▶ [LISTED ENTRIES]
**********
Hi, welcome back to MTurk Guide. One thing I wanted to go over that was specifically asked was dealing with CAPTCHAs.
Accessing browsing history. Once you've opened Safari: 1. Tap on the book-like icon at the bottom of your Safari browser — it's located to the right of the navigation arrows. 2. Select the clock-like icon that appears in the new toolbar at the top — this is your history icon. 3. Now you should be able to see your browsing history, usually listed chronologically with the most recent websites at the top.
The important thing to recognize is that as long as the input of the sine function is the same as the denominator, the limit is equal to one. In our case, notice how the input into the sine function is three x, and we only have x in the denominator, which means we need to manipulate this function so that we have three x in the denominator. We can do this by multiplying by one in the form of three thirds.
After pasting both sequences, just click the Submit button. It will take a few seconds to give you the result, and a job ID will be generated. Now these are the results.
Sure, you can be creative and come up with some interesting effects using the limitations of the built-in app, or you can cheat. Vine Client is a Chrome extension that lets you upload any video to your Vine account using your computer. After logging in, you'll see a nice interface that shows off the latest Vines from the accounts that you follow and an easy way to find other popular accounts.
**********
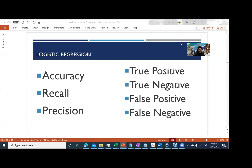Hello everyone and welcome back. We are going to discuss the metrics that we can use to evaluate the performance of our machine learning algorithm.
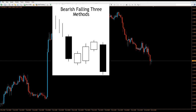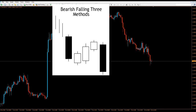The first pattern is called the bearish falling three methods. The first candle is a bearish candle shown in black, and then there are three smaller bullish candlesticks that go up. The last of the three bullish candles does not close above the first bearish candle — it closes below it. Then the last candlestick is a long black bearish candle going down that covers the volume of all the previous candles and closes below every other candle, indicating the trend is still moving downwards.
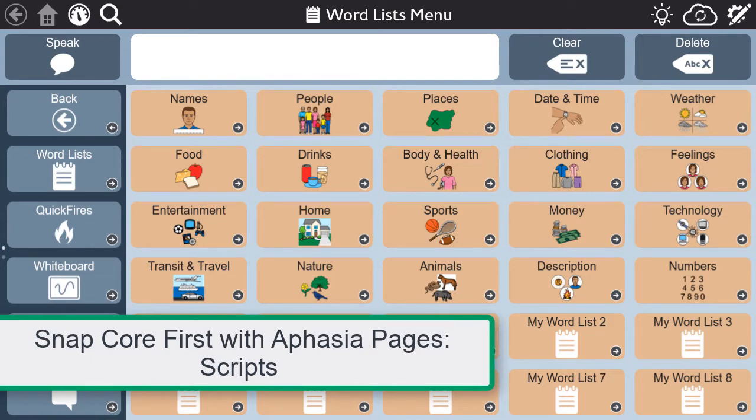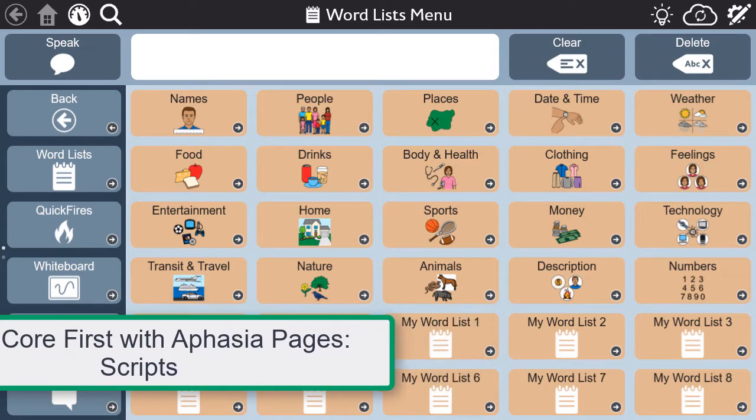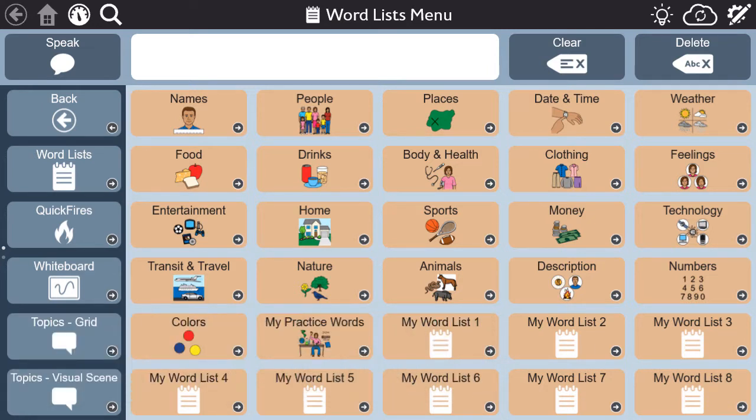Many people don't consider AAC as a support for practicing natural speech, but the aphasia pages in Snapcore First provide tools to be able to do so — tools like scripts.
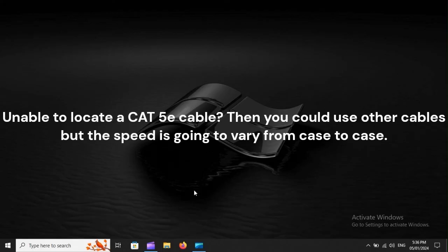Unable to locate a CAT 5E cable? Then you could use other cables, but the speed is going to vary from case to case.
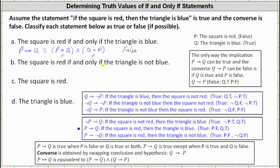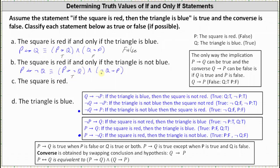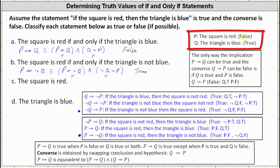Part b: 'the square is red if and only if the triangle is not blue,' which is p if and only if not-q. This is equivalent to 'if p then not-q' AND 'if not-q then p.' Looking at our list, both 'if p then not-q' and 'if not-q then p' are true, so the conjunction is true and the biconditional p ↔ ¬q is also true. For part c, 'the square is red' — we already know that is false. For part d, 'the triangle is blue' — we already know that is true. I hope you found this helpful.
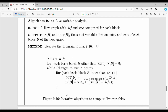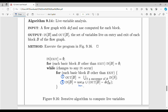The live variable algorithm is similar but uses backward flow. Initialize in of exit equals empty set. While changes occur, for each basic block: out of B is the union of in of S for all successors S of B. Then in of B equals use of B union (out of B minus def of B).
**********
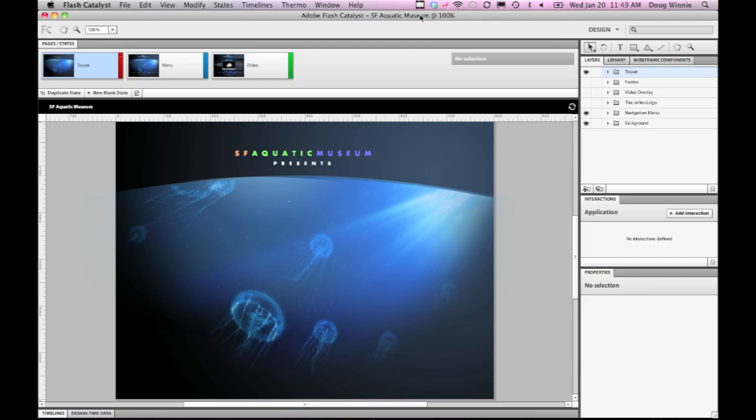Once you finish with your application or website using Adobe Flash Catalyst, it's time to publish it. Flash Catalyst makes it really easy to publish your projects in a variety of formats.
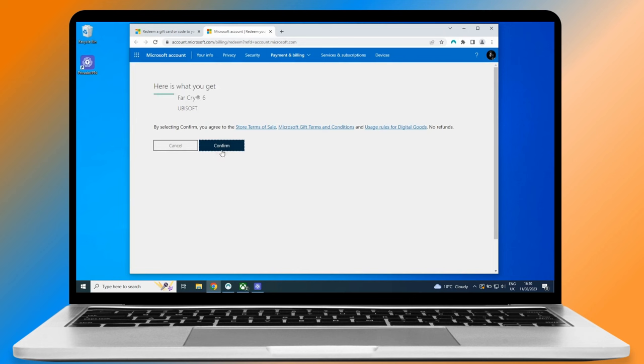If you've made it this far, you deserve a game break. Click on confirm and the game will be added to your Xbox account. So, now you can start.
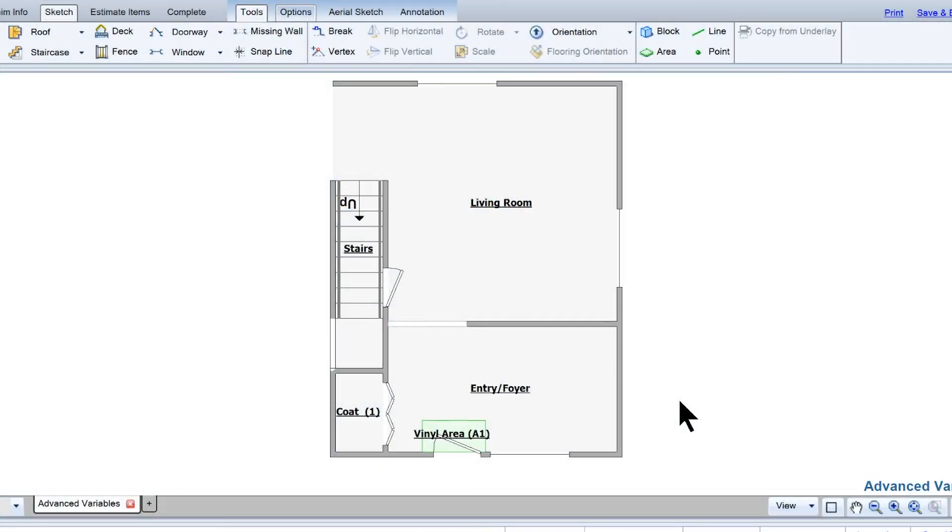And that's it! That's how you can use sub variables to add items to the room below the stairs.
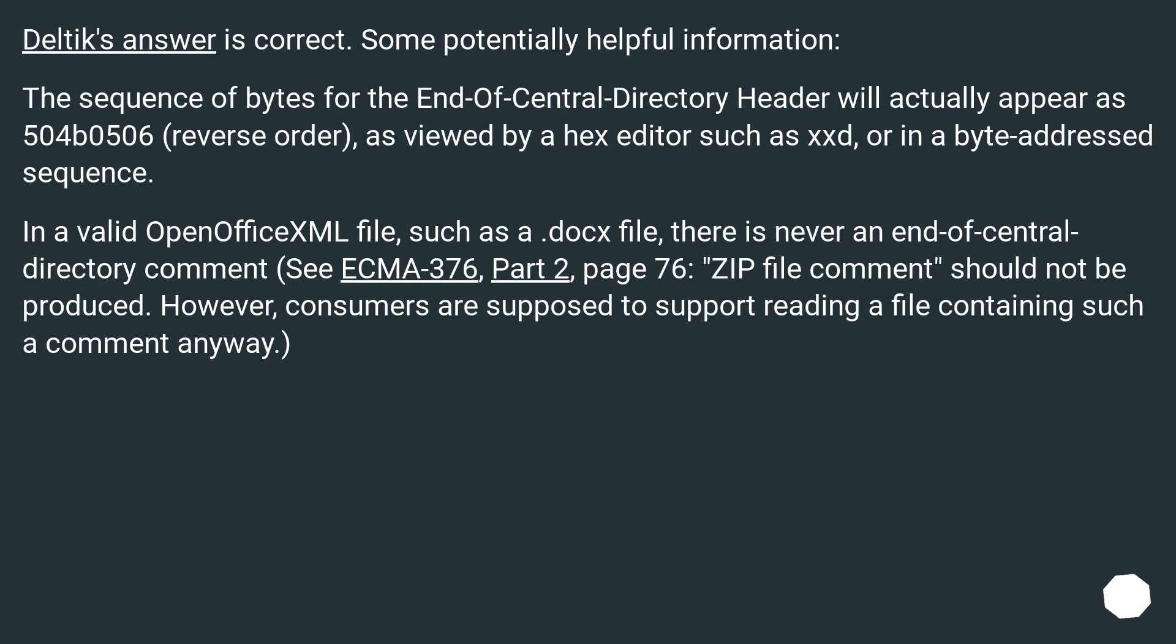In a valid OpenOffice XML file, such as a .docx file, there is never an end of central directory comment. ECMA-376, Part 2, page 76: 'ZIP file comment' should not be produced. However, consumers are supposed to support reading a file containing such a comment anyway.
**********
▶ [TASK BRIEF] Look above for the line with "Hi, welcome back" and the line with "Sure, you can", and reproduce exactly those two lines plus every line between, nothing more.

▶ [RESPONSE]
Hi, welcome back to MTurk Guide. One thing I wanted to go over that was specifically asked was dealing with CAPTCHAs.
Accessing browsing history. Once you've opened Safari: 1. Tap on the book-like icon at the bottom of your Safari browser — it's located to the right of the navigation arrows. 2. Select the clock-like icon that appears in the new toolbar at the top — this is your history icon. 3. Now you should be able to see your browsing history, usually listed chronologically with the most recent websites at the top.
The important thing to recognize is that as long as the input of the sine function is the same as the denominator, the limit is equal to one. In our case, notice how the input into the sine function is three x, and we only have x in the denominator, which means we need to manipulate this function so that we have three x in the denominator. We can do this by multiplying by one in the form of three thirds.
After pasting both sequences, just click the Submit button. It will take a few seconds to give you the result, and a job ID will be generated. Now these are the results.
Sure, you can be creative and come up with some interesting effects using the limitations of the built-in app, or you can cheat. Vine Client is a Chrome extension that lets you upload any video to your Vine account using your computer. After logging in, you'll see a nice interface that shows off the latest Vines from the accounts that you follow and an easy way to find other popular accounts.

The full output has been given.